* Try it *
Of the lines below, write out exactly those from the line with "Gedetailleerde weergave van" through the line with "Drag specialties seats", both included, and skip the rest.
Dataset records below:
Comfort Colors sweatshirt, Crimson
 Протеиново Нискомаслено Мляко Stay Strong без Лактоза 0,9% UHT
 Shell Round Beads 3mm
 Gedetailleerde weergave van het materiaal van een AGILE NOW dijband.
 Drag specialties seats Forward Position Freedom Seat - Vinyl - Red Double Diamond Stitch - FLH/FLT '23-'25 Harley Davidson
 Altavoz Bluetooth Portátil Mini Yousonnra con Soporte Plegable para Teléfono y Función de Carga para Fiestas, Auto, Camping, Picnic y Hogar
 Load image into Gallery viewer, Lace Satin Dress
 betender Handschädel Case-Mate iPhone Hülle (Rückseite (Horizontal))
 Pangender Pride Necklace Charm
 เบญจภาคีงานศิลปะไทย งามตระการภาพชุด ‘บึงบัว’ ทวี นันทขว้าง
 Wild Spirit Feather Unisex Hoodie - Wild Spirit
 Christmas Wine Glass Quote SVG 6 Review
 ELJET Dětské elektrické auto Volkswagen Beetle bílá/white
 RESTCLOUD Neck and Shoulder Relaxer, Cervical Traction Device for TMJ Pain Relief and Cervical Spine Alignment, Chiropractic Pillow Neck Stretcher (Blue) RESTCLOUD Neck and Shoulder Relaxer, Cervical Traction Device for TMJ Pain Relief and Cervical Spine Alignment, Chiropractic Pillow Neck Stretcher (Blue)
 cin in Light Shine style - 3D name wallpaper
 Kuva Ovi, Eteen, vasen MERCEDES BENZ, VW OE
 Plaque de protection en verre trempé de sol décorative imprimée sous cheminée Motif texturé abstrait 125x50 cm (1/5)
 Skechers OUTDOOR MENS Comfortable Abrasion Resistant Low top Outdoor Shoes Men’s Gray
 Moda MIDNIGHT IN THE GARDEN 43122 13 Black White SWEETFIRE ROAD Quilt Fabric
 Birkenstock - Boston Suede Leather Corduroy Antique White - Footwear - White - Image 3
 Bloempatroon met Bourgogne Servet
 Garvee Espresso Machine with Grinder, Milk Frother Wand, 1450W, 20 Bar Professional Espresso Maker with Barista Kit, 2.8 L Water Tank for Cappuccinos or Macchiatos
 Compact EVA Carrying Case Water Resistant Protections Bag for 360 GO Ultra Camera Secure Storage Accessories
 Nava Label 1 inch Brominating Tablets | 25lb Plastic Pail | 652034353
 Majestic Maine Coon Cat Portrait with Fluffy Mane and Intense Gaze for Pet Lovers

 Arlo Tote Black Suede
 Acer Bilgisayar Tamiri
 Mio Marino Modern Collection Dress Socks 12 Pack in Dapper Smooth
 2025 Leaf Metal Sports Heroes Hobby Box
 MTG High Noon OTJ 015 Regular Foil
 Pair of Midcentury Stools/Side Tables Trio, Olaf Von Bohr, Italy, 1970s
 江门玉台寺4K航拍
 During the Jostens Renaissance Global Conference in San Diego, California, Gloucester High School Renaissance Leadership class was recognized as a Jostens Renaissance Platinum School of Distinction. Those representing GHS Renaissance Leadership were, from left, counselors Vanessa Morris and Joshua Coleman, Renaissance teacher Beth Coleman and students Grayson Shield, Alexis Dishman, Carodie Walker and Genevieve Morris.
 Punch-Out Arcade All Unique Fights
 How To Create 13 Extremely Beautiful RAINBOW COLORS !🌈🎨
End of Dataset records.
* Response for this exercise *
 Gedetailleerde weergave van het materiaal van een AGILE NOW dijband.
 Drag specialties seats Forward Position Freedom Seat - Vinyl - Red Double Diamond Stitch - FLH/FLT '23-'25 Harley Davidson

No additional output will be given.